The implementation follows Pandoc's standard pattern: use walk or walkM to traverse the AST, pattern-match on specific Inline or Block constructors, and return transformed elements. State monads track things like ruler count for cycling.


Public API

typographyTransformTemporary :: Pandoc -> Pandoc

Main entry point for full typography processing. Applies all transforms including time-sensitive date annotations.

Called by: hakyll.hs, generateLinkBibliography.hs, generateBacklinks.hs, GenerateSimilar.hs

typographyTransformPermanent :: Pandoc -> Pandoc

Subset of transforms safe for permanent storage. Excludes date duration annotations since they change yearly.

typographyTransformPermanent =
walk imageCaptionLinebreak .
parseRawAllClean .
walk (linkLive . linkIcon) .
walk mergeSpaces .
linebreakingTransform .
rulersCycle C.cycleCount .
walk (citefyInline year) .
walk imageCaptionLinebreak .
walk mergeSpaces .
parseRawAllClean

typesetHtmlField :: String -> String

Typeset an HTML string for display. Parses HTML to Pandoc, applies transforms, renders back to HTML.

Called by: LinkMetadata.hs, XOfTheDay.hs

typesetHtmlFieldPermanent :: Bool -> String -> String

Like typesetHtmlField but with explicit permanent/temporary flag.

linebreakingTransform :: Pandoc -> Pandoc

Adds <wbr> (zero-width space) hints for better browser line-breaking at slashes.

Note: Currently disabled (breakSlashes = id, breakEquals = id).

titlecase' :: String -> String

Convert string to title case. Wraps the titlecase library with fixes for hyphens and apostrophes.

titlecase' "end-to-end testing"
-- → "End-To-End Testing"

titlecase' "Foo's bar"
-- → "Foo's Bar"

Called by: Blog.hs, LinkMetadata.hs, generateLinkBibliography.hs

identUniquefy :: Pandoc -> Pandoc

De-duplicate link IDs by appending -2, -3, etc. For auto-generated pages where duplicate annotations appear.

Called by: generateDirectory.hs

mergeSpaces :: [Inline] -> [Inline]

Consolidates fragmented Pandoc strings.

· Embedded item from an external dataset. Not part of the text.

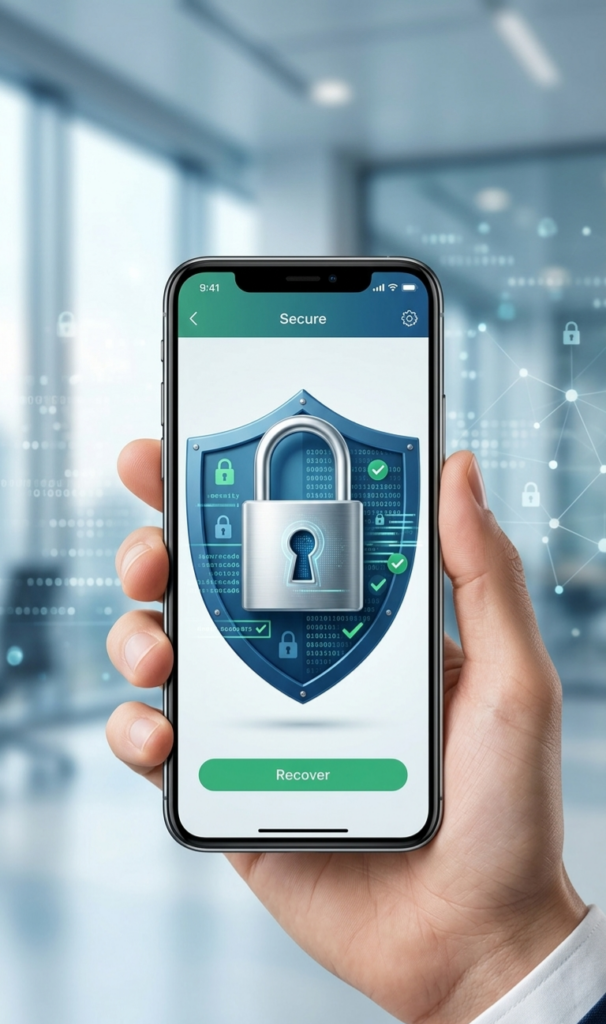 Recuperação de Contas e Identidade Digital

Pandoc often produces [Str "A", Space, Str "B"] which breaks pattern matching; this merges them into [Str "A B"].

completionProgressInline :: String -> Inline

Convert completion status strings ("finished", "in progress", "draft") to annotated spans with percentage data attributes.

completionProgressInline "finished"
-- → Span ("", ["completion-status"], [("progress-percentage", "100")]) [Str "finished"]

Internal Architecture

Transform Pipeline

The typography pipeline applies transforms in a specific order:

Input Pandoc

parseRawAllClean -- Clean anonymous spans/divs

mergeSpaces -- Consolidate fragmented strings

imageCaptionLinebreak -- Add linebreaks in figure captions

citefyInline -- Format citations with spans

rulersCycle -- Number horizontal rulers 1-3

linebreakingTransform -- Add <wbr> at slashes (disabled)

mergeSpaces -- Clean up again

linkIcon / linkLive -- Add link decorations

parseRawAllClean -- Final cleanup

imageCaptionLinebreak -- Second pass after raw cleanup

dateRangeDuration -- [Temporary only] Add duration subscripts

Citation Formatting (citefyInline)

Matches citation patterns and wraps them in semantic spans:

  • Single author: "Smith 2020" → <span class="cite"><span class="cite-author">Smith</span><span class="cite-date">2020</span></span>
  • Double author: "Smith & Jones 2020" → same structure
  • Et al: "Smith et al 2020" → uses cite-author-plural class, hides "et al" in title attribute

Uses three regexes for the three patterns, with Unicode-aware lowercase character class for international surnames.

Ruler Cycling (rulersCycle)

Uses State monad to count HorizontalRule elements and wrap each in a div with cycling class:

rulersCycle modulus doc = evalState (walkM addHrNth doc) 0
where addHrNth HorizontalRule = do
modify (+1)
count <- get
let nth = (count - 1) `mod` modulus + 1
return $ Div ("", ["horizontal-rule-nth-" ++ show nth], []) [HorizontalRule]

With cycleCount = 3, rulers cycle through classes horizontal-rule-nth-1, horizontal-rule-nth-2, horizontal-rule-nth-3.


Key Patterns

Pandoc AST Walking

The standard pattern for transforms:

-- For stateless transforms: use walk
myTransform :: Pandoc -> Pandoc
myTransform = walk transformInline
where transformInline :: Inline -> Inline
transformInline (Str s) = ... -- transform strings
transformInline x = x -- pass through unchanged

-- For stateful transforms: use walkM with State monad
myStatefulTransform :: Pandoc -> Pandoc
myStatefulTransform doc = evalState (walkM transform doc) initialState

Type-Safe Inline Expansion

When a transform needs to return multiple Inline elements from a single one, wrap in an anonymous Span:

citefyInline year x@(Str s) =
let rewrite = go s
in if [Str s] == rewrite then x
else Span nullAttr rewrite -- wrap multiple Inlines

The parseRawAllClean pass later removes these wrapper spans.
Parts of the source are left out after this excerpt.